* [Description of the task]:
Starting with the first line of the data below, copy each line up to and including the one containing "Integro Gniazdo USB". Pictures stay out.

------ Record set ------

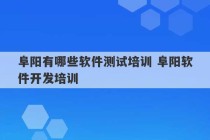 阜阳有哪些软件测试培训 阜阳软件开发培训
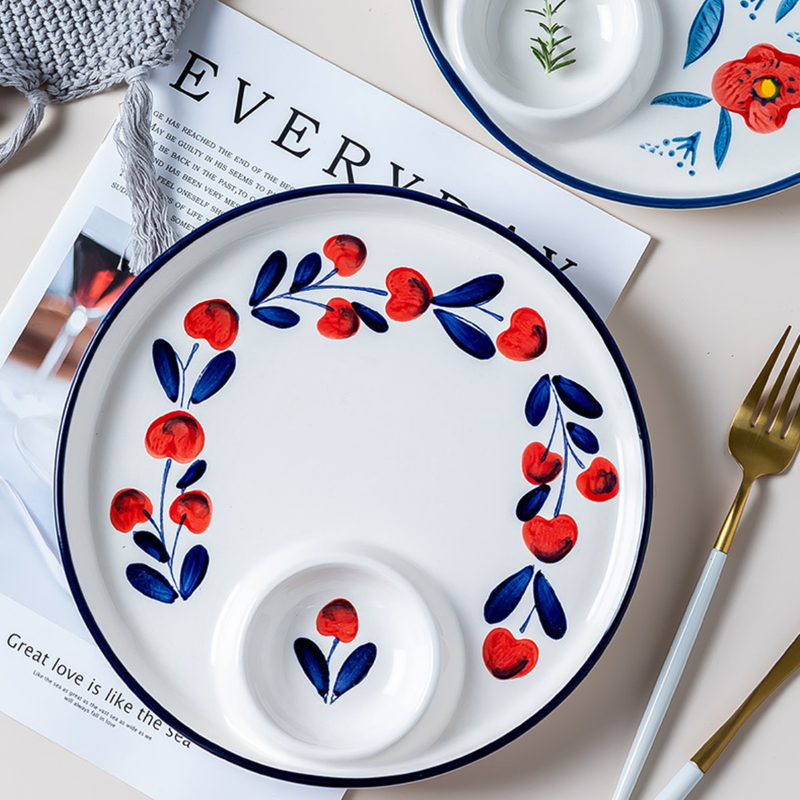Floral Dumpling Plate - Serving plate, snack plate, momo plate, plate with compartment | Plates for dining table & home decor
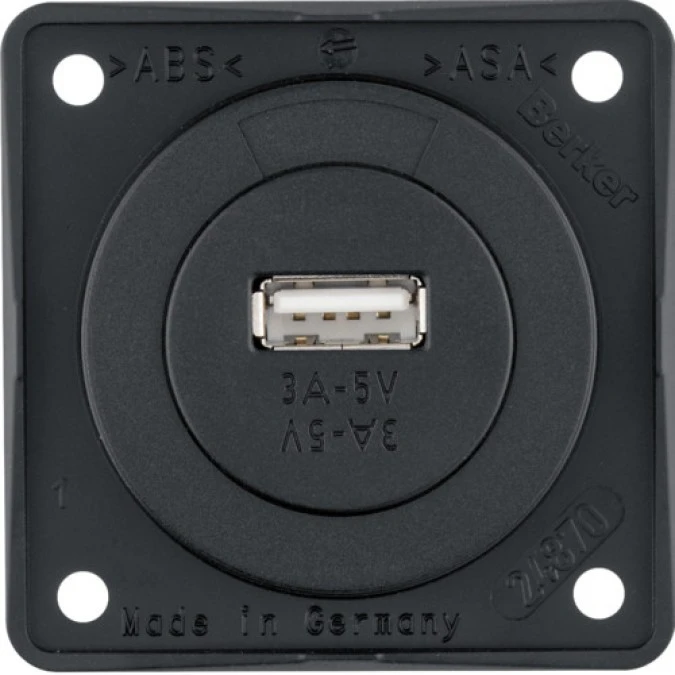 Integro Gniazdo USB ładowania pojedyncze, 12V, 3A czarny mat, mechanizm czarny 926032503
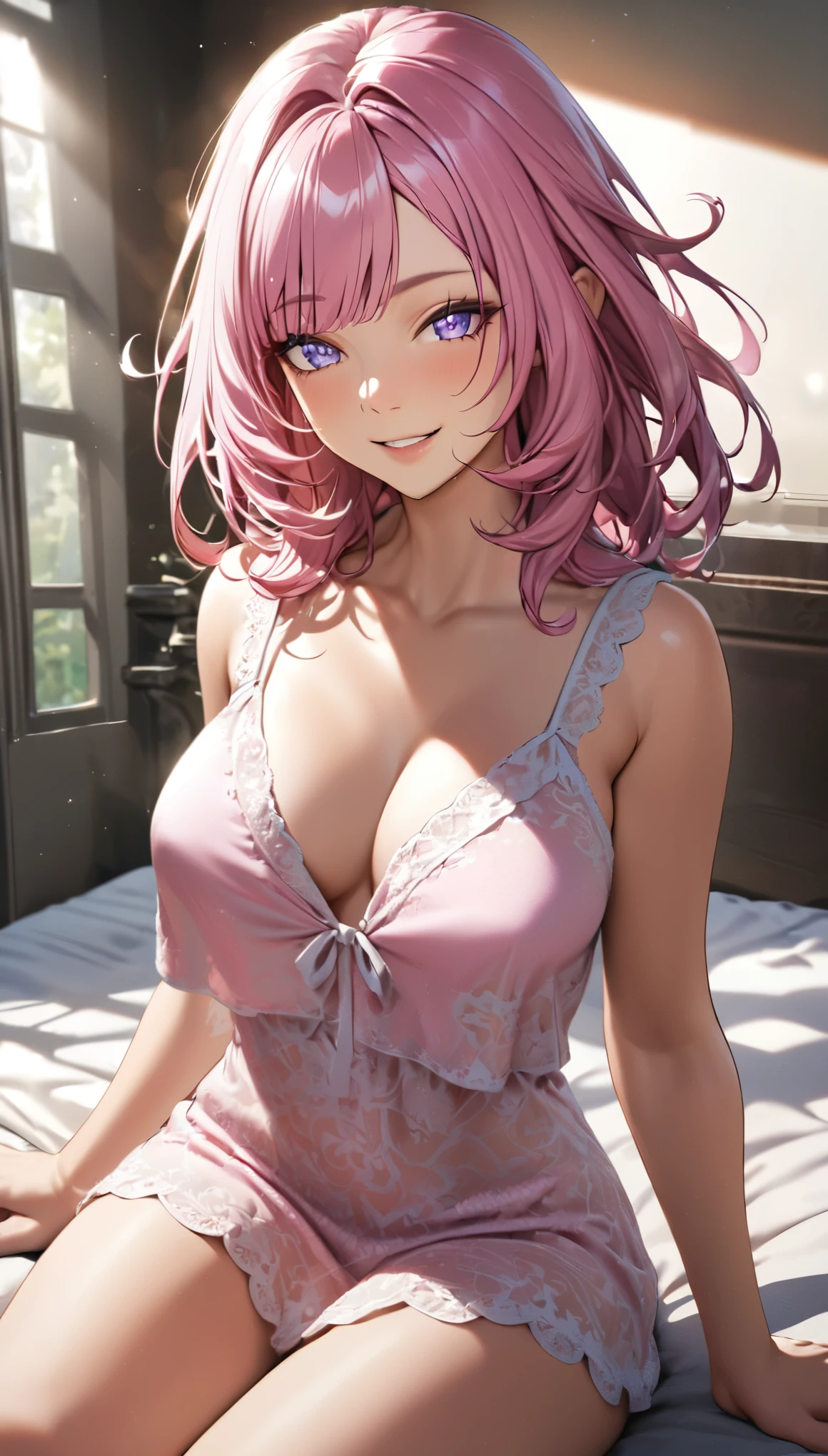 Elysia, ((pink hair)), fox ears,beautiful face,smiling,close up to hips, moderate breast,sitting on a bed,wearing pink negligee, (open mouth:0.4),illustration,detailed textures,ultra-detailed(realistic:0.4),portrait style,vivid colors,soft lighting. mature, no bra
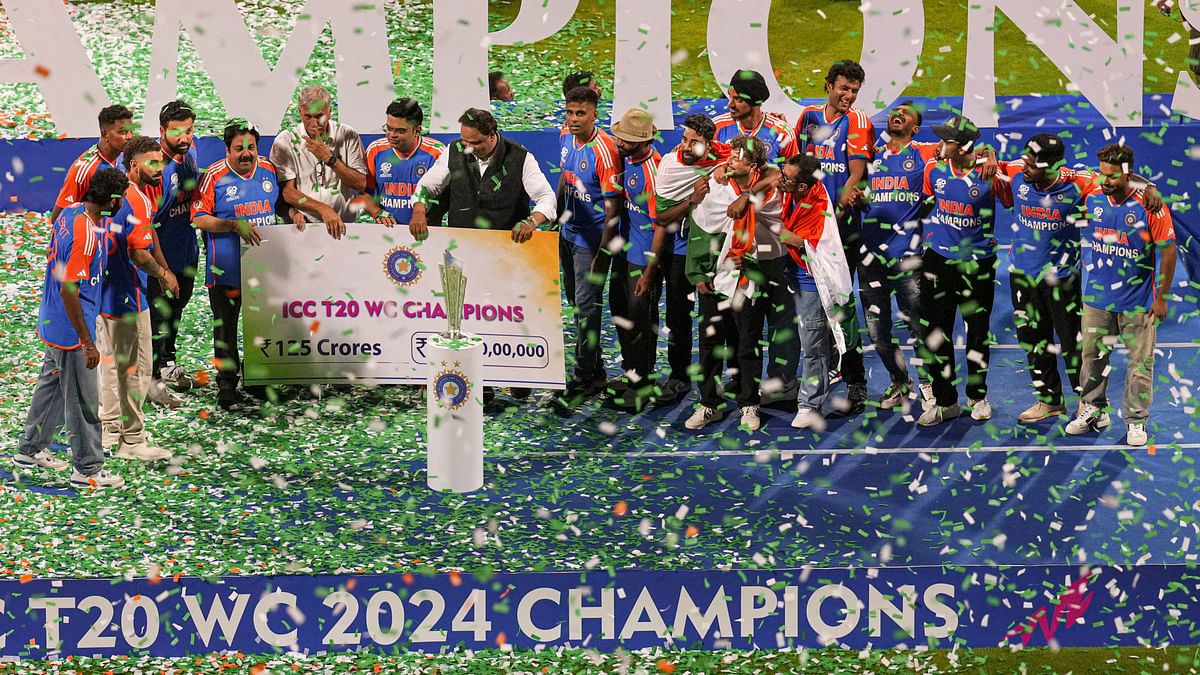The Indian cricket team receives a cheque of Rs 125 crore from the BCCI officials as prize money for winning the T20 World Cup 2024 marking the end of the ceremony at Wankhede Stadium in Mumbai.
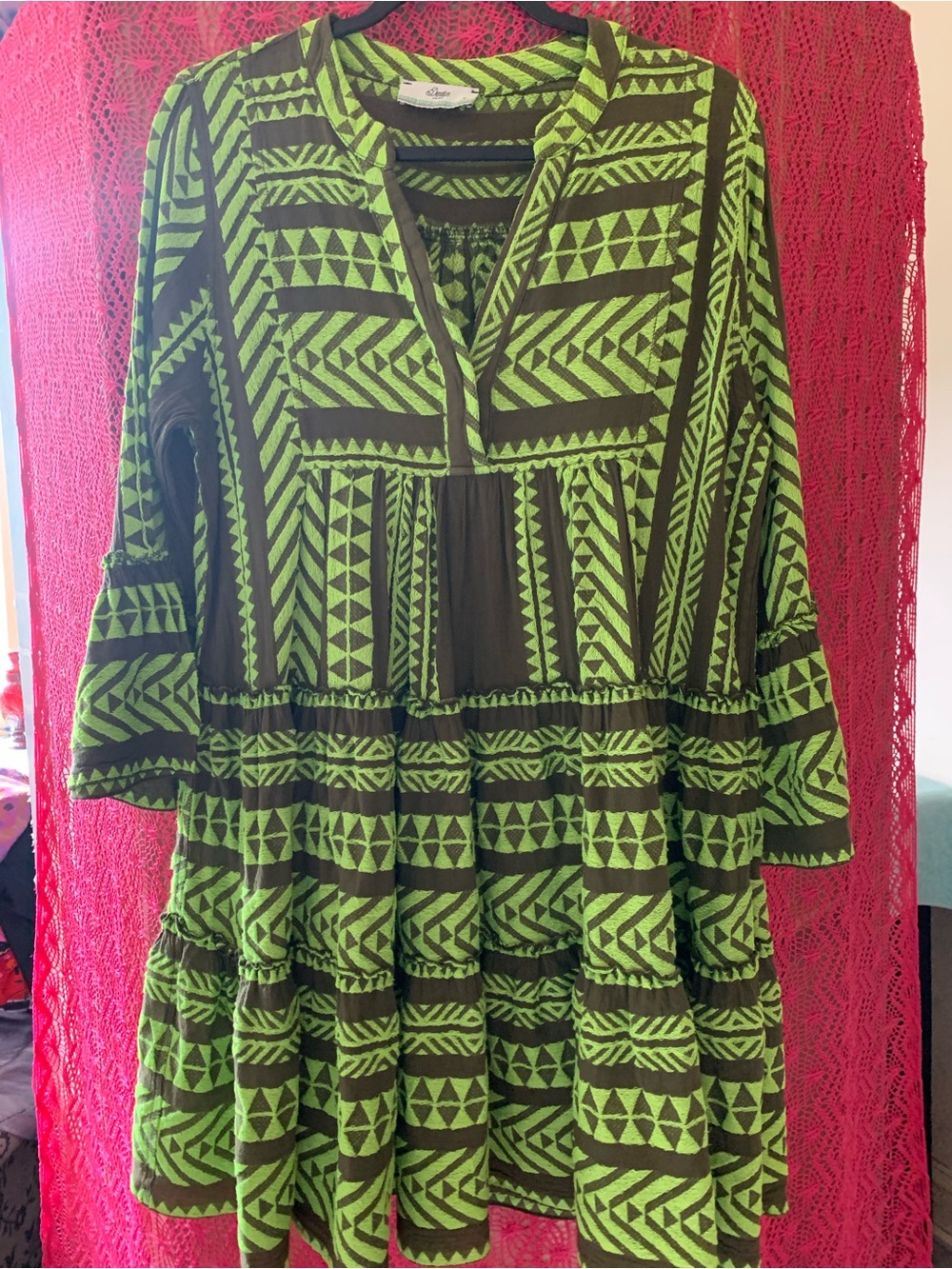 Devotion TWINS Neon and Army Green Embroidered Mini Dress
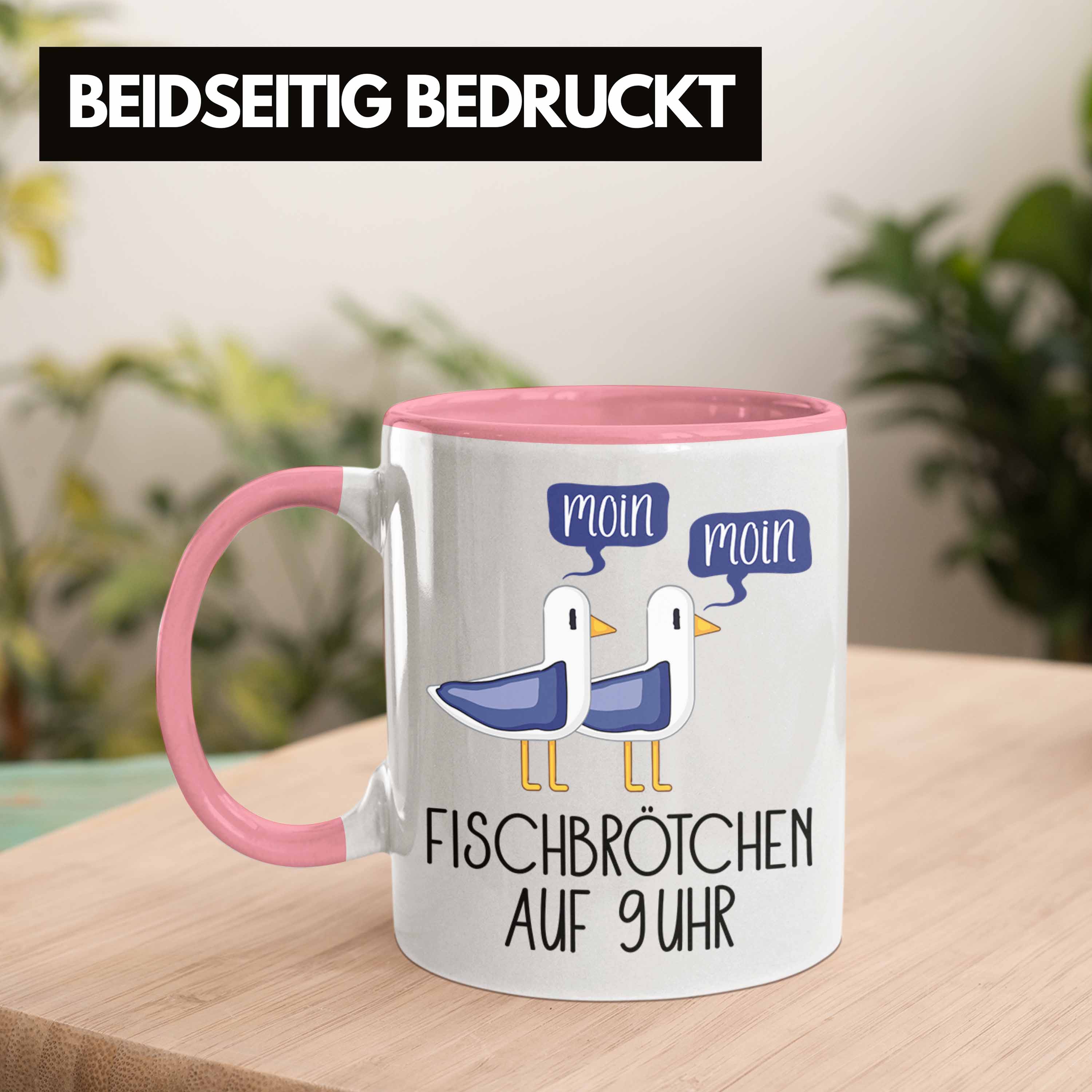 Trendation - Fischbrötchen auf 9 Uhr Tasse Moin Moin Geschenk Nordsee Norderney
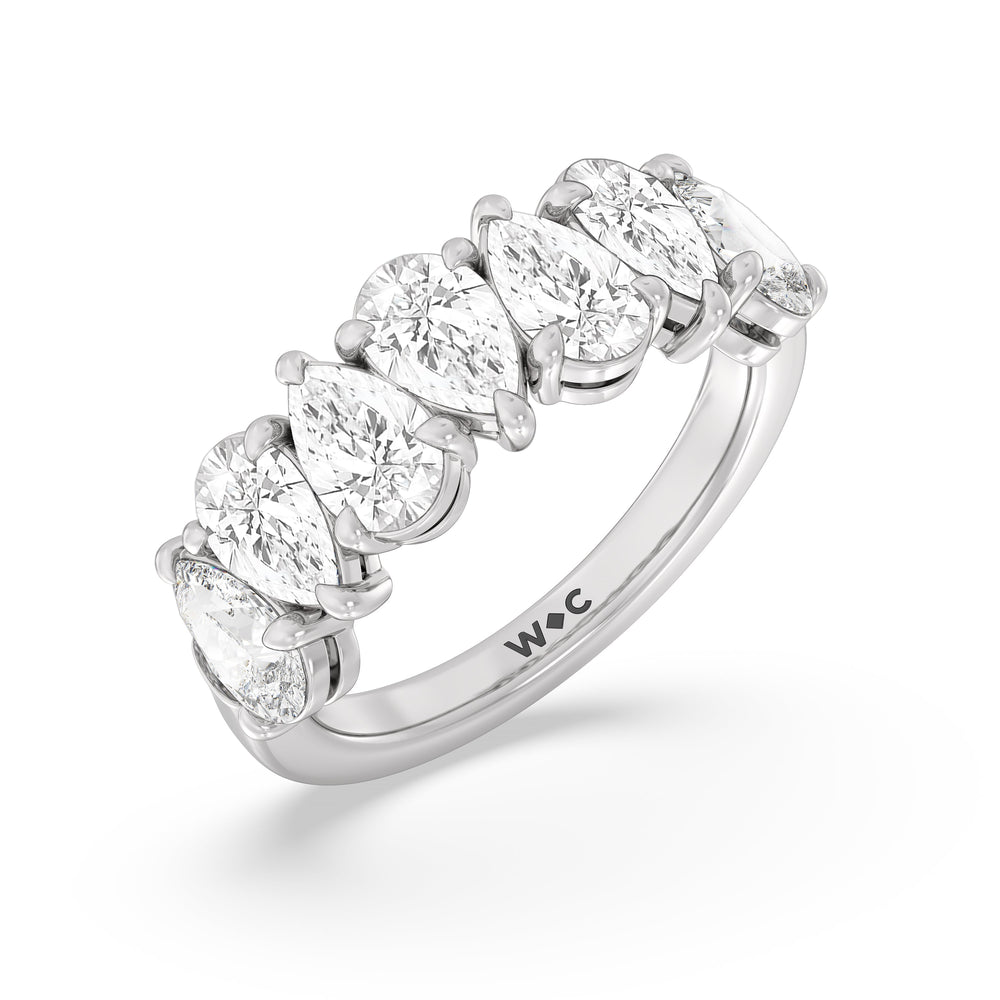 North-South Pear Diamond Anniversary Ring with 18KT White Gold / Lab / 4 Cut Diamond in 14KT White Gold / Lab / 4 view 5
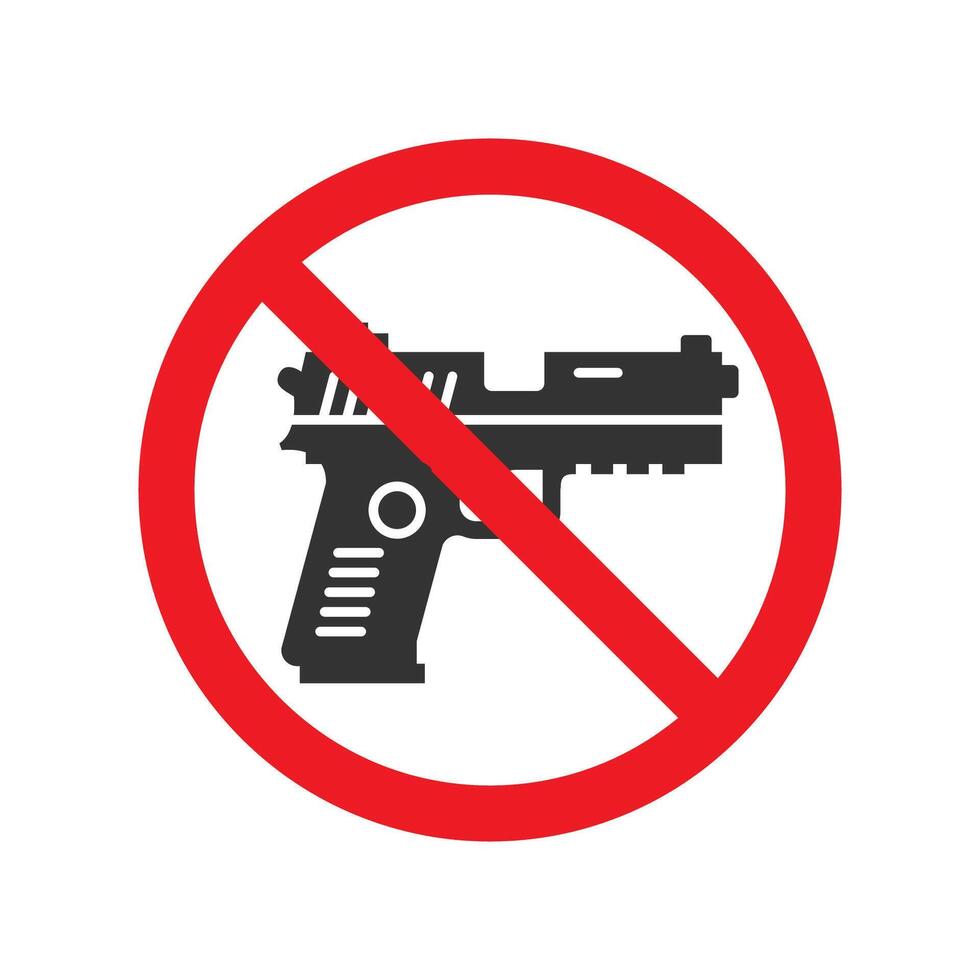 pistolet ne pas permis signe. illustration. vecteur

------

* [Answer section]:
 阜阳有哪些软件测试培训 阜阳软件开发培训
Floral Dumpling Plate - Serving plate, snack plate, momo plate, plate with compartment | Plates for dining table & home decor
 Integro Gniazdo USB ładowania pojedyncze, 12V, 3A czarny mat, mechanizm czarny 926032503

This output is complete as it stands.